Entscheidung des BAG vom 23.01.2019 (Az.: 7 AZR 733/16)
Die Befristung eines Arbeitsvertrages ist regelmäßig nur möglich, wenn dies durch einen sachlichen Grund gerechtfertigt ist. Das Teilzeit- und Befristungsgesetz (TzBfG) zählt – allerdings nicht abschließend – in § 14 Absatz 1 auf, was sachliche Gründe in diesem Sinne sein können. Die häufigsten Gründe in der Praxis sind:
die Vertretung eines Mitarbeiters aus der Stammbelegschaft;
die Probezeit;
der vorübergehende Mehrbedarf an Arbeitskräften im Unternehmen.
Der Gesetzgeber hat in § 14 Abs. 2 TzBfG die Befristung von Arbeitsverhältnissen dadurch erleichtert, dass er bis zur Dauer von zwei Jahren eine Befristung ohne Vorliegen eines sachlichen Grundes zulässt. Innerhalb des Rahmens von zwei Jahren kann die sachgrundlose Befristung des Arbeitsverhältnisses drei Mal verlängert werden, ist also jeweils im unmittelbaren Anschluss insgesamt vier Mal möglich.
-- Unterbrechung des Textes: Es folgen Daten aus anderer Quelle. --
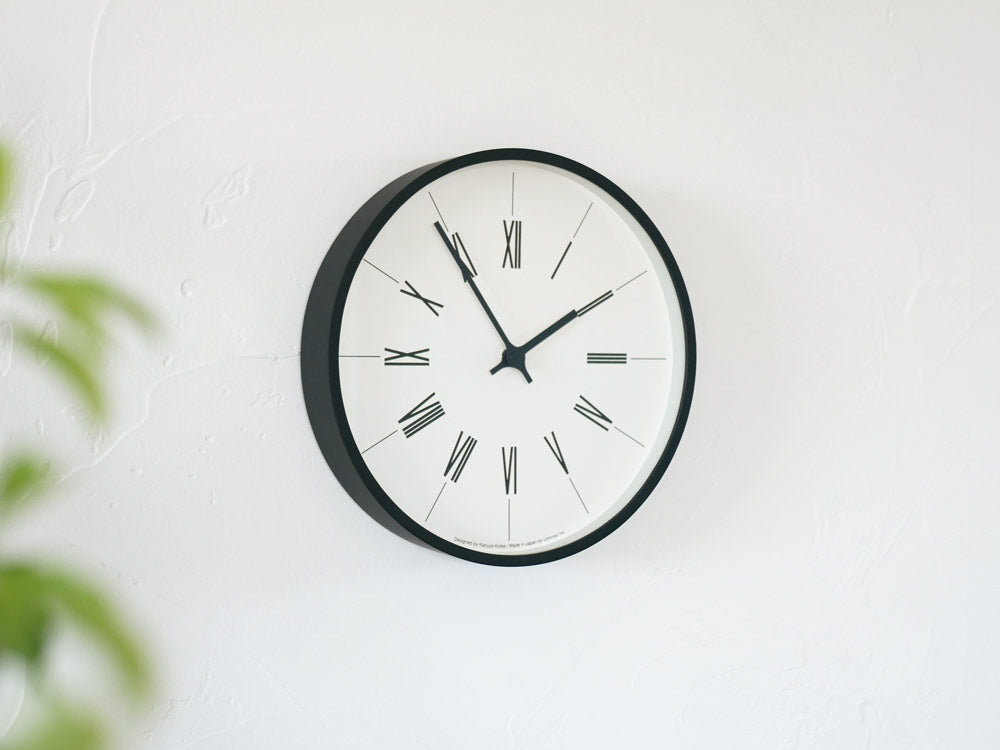 【Lemnos/レムノス】時計台の時計 電波時計【受注生産品】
Die für den Arbeitgeber erleichterte Möglichkeit der Befristung eines Arbeitsverhältnisses ohne Sachgrund ist jedoch nach dem Gesetz dann ausgeschlossen, wenn „mit demselben Arbeitgeber bereits zuvor ein befristetes oder unbefristetes Arbeitsverhältnis bestanden hat“.
Das Bundesarbeitsgericht (BAG) hatte diese gesetzliche Voraussetzung in seinem Urteil vom 06.04.2011 im Wege richterlicher Rechtsfortbildung entschärft und entschieden, dass eine „Vorbeschäftigung“ im Rechtssinne dann nicht mehr vorliege, wenn das Ende des vorangegangenen Arbeitsverhältnisses mehr als drei Jahre zurückliege. Zur Begründung hat das BAG im Wesentlichen darauf abgestellt, der Zweck der Regelung bestehe vor allem darin, den Missbrauch der Möglichkeiten zur sachgrundlosen Befristung durch „Kettenbefristungen“ zu verhindern. Von einem solchen Missbrauch könne aber regelmäßig nicht mehr gesprochen werden, wenn zwischen den beiden Beschäftigungsverhältnissen bei ein und demselben Arbeitgeber ein Zeitraum von mindestens drei Jahren liege.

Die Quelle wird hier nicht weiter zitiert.